Edit: Full quote removed. Please delete everything from the text of the original poster which is not necessary in understanding your answer; see also this post! [Ohlbe]
Shuanghe
★★  

Spain,
2014-12-19 18:13
(3387 d 04:54 ago)

@ arjunroy
Posting: # 14119
Views: 19,125
 

 SAS/R code of MSD method for comparing dis­so­lution

Hi arjunroy,

❝ 1. R code is working fine,


So I guess you have nt=nr otherwise the code will give wrong result. I noticed it some time ago so I'll modify the code when I have some time.

❝ though SAS IML v9.1.3 did not, got problem in calculating Cov matrix. Execution error noted in log despite it can be done manually.


Do you add the COV function before the run? As I mentioned in the post, for SAS 9.2 and older version there's no COV function so you should add it manually. The example of COV I gave only work for no missing value which in most of the case it should be. But if not, well, you have to adapt the code.

❝ 2. Any idea how dm-max is calculated in a 2 parameter weibull function, I am unable to verify in DDSolver output. For all kind of data it sets dm_max=11.82

❝ Any further insights will be appreciated.


If I remember it correctly, that's a certain default value in DDSolver. You should use you own criteria instead of 11.82.

I'm not aware any guideline that clearly define how to set similarity limit but in my opinion the criteria can be obtained by, e.g., fitting suitable model at least 2 different reference batches (more batches would be better) and determine the MSD between them (let's call it MSDR). If you have more batches, pair-wise compare the MSDR (A vs B, B vs C, A vs C, ...) and pick the biggest value.

The rational is that the difference between test and reference (upper limit of MSD) should not be greater than the maximum difference observed between reference batches themselves. So the maximum value in your pair-wise comparison of difference between reference can be used as dm_max.

All the best,
Shuanghe
arjunroy
☆    

India,
2014-12-22 06:42
(3384 d 16:25 ago)

(edited by Ohlbe on 2014-12-22 09:39)
@ Shuanghe
Posting: # 14135
Views: 18,340
 

 SAS/R code of MSD method for comparing dis­so­lution

❝ ❝ 1. R code is working fine,


❝ So I guess you have nt=nr otherwise the code will give wrong result. I noticed it some time ago so I'll modify the code when I have some time.


Thank you

❝ ❝ though SAS IML v9.1.3 did not, got problem in calculating Cov matrix. Execution error noted in log despite it can be done manually.

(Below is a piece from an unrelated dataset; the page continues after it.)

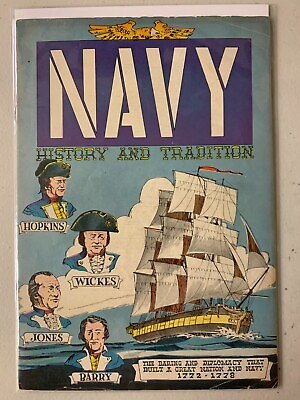 #ad Navy History and Tradition #1772 first issue 4.0 1958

❝ Do you add the COV function before the run? As I mentioned in the post, for SAS 9.2 and older version there's no COV function so you should add it manually. The example of COV I gave only work for no missing value which in most of the case it should be. But if not, well, you have to adapt the code.

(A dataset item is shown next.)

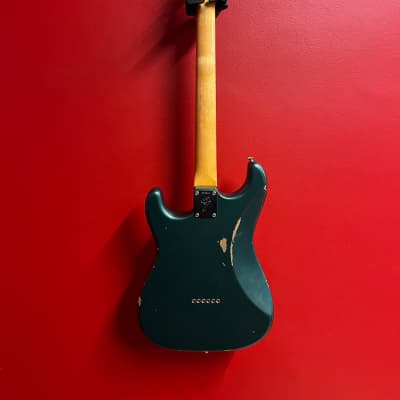 Fender 1967 Stratocaster Custom Shop Hardtail Relic Sherwood Green del 2015 Custom Order image 2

Here is SAS IMLv9.1.3 log error for your perusal.
proc iml;
NOTE: IML Ready
21   use one;
21 !          read all into one;
21 !                             close one;
22
23   mt = one[1:6,];
24   mr = one[7:12,];
25
26   START COV(m);
27       n = NROW(m);
27 !                               /* assume no missing values */
28       d = m - m[:,];
29
30       /* subtract mean to center the data */
31       RETURN((d`*d)/(n-1));
32     FINISH;
NOTE: Module COV defined.
33
34   nt=6;
34 !       nr=6;
34 !             p=8;
34 !                  dg=15;
35
36   tbar = (mt[:,])`;
36 !                               /* mean profile of T */
37   rbar = (mr[:,])`;
37 !                      /* mean profile of R */
38
39
40   mdiff = tbar-rbar;
40 !                         /* mean difference between T&R */
41
42   st = Cov(mt);
ERROR: (execution) Matrices do not conform to the operation.
 operation : - at line 28 column 11
 operands  : M, _TEM1001

M      6 rows      8 cols    (numeric)

     19.99      36.7     47.77     55.08     65.69     81.37     92.39      97.1
     22.08     39.29     49.46     56.79     67.22     82.42     89.93     95.62
     21.93     38.54     47.76     55.14     65.25     83.49     90.19     95.62
     22.44     39.46     49.72     58.67     69.21     84.93     94.12     95.51
     25.67     42.35     52.68     59.71     71.51     86.61      93.8      96.7
     26.37     41.34     51.01     57.75     69.44      85.9     94.45     98.07

_TEM1001      1 row       8 cols    (numeric)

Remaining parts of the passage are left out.